Oh and for the benefit of commenter David, Energy & Environment is a peer reviewed journal, its listed in ISI whose criterion for listing is that listed journals are peer reviewed. Perhaps David will tell us thats no longer the case?

John M

December 8th, 2011 11:44pm Report this comment

"No point in debating with the insane."

Good point.

EOM

Pete H

December 9th, 2011 7:58am Report this comment

David, did you actually read Booker's article? Let me cut and paste to help you!

"Lord May, as ex-President of the Royal Society, persuaded the BBC’s top policymakers that ‘the debate on climate change was over’ and that they must ‘stop reporting the views of climate sceptics’.

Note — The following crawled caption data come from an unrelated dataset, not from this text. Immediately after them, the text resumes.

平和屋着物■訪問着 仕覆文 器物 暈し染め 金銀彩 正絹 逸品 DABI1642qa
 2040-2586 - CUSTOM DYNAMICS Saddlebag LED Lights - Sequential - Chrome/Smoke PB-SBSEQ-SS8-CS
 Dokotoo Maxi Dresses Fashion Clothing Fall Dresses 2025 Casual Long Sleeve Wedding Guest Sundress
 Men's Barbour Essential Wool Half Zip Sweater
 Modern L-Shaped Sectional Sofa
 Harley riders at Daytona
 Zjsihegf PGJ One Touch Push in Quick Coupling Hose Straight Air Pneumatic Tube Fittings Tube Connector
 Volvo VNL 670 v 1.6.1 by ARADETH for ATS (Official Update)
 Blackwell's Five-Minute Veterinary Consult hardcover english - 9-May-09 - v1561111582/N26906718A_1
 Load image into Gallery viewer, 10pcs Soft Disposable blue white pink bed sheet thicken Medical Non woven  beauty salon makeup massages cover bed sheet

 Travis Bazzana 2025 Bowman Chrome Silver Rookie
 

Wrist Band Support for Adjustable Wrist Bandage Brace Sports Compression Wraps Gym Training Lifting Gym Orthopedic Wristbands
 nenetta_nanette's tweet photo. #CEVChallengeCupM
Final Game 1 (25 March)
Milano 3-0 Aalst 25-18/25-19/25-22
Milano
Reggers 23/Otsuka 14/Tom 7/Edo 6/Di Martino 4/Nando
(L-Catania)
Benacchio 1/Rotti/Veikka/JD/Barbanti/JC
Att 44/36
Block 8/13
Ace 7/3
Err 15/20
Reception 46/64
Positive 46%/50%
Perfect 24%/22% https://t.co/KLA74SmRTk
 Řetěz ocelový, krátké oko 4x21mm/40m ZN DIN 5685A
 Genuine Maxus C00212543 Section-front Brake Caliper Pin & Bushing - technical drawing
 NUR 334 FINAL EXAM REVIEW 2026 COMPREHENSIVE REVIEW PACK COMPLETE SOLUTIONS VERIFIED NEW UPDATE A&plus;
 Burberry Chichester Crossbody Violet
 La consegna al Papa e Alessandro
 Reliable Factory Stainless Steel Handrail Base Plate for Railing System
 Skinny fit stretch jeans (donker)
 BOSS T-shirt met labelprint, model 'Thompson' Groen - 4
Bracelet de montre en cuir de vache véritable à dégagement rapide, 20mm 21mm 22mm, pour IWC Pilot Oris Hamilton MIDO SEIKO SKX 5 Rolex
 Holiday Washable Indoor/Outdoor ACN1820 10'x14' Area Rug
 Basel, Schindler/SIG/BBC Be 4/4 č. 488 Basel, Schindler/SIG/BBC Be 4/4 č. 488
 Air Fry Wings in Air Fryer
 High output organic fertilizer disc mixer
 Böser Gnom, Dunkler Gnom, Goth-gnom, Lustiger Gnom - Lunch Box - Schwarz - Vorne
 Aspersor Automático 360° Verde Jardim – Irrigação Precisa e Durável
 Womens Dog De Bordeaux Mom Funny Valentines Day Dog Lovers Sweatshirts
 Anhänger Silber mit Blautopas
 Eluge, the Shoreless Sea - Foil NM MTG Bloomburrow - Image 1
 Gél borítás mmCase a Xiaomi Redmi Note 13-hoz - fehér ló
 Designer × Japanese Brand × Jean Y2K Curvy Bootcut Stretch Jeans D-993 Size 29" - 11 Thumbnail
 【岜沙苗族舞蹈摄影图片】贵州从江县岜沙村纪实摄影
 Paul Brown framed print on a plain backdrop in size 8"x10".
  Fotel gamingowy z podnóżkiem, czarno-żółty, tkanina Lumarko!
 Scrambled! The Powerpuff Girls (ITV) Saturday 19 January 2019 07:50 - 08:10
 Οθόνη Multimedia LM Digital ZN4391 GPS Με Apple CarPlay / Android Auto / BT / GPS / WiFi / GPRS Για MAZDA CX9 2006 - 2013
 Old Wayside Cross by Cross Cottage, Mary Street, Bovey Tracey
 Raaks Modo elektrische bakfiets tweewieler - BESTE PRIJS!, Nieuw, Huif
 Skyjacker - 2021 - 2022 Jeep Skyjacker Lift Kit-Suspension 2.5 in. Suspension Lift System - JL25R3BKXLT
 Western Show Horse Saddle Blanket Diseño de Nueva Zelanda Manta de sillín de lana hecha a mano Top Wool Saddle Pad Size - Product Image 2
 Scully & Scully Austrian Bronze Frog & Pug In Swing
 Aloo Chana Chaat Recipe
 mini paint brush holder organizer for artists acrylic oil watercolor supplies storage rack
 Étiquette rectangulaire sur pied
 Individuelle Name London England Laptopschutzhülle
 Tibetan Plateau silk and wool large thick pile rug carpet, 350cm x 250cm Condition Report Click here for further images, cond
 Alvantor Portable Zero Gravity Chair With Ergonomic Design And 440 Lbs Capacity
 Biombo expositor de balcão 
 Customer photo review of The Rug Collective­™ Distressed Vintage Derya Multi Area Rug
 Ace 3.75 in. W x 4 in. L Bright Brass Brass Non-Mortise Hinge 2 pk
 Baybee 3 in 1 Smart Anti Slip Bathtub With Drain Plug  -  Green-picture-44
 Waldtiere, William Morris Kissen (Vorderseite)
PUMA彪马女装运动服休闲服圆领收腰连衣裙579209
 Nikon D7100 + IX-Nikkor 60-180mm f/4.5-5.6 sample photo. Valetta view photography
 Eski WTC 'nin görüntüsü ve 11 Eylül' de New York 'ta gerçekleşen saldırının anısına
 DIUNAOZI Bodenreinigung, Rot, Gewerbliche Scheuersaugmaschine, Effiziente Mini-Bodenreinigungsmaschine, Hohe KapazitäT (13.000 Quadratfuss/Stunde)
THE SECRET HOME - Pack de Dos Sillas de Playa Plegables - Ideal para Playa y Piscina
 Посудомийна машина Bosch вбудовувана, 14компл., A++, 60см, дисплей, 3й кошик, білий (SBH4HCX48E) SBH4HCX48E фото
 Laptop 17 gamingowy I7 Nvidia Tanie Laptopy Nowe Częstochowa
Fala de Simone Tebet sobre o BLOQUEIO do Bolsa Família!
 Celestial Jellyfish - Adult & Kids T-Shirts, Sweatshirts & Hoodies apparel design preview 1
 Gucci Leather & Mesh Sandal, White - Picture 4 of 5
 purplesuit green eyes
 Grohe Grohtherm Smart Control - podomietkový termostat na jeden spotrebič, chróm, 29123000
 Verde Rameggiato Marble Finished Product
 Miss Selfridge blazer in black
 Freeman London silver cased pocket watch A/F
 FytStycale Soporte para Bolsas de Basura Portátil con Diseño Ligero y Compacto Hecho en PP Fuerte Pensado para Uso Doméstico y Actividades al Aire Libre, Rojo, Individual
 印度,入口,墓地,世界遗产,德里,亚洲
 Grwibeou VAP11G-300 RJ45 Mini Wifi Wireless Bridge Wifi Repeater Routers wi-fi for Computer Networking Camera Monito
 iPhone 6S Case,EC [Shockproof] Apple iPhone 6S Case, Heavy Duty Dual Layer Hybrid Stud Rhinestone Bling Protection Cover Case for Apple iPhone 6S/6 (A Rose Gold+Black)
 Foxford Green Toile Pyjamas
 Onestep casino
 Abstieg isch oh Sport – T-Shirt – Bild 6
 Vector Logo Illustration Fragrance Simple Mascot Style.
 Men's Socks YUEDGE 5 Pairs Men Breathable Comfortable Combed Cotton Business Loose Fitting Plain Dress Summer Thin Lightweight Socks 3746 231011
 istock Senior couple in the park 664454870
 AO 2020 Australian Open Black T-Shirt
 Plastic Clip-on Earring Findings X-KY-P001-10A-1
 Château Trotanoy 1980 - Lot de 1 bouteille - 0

The fact that you resort to insults is exactly the the point that Booker is making about the warmist side! Thank you for being first to post and showing everyone what Booker is on about. Now you can report back to Ward that you tied your best!

Mydogsgotnonose

December 9th, 2011 8:23am Report this comment

We have come to the point in this pseudo-science where honest scientists have to say 'Enough is Enough'.

There are four serious mistakes in the IPCC so-called consensus and the inner circle probably knows this and has since 1997 been covering them up. If true, this is scientific fraud.

1. The initial claims were based on the assumption that CO2 drove the end of ice ages. In 1997 this was disproved so they had to fjnd an ice-age amplification mechanism and prove the hockey-sticks. Mann's was fraudulent. The temperature fiddling by GISS and CRU has been appalling.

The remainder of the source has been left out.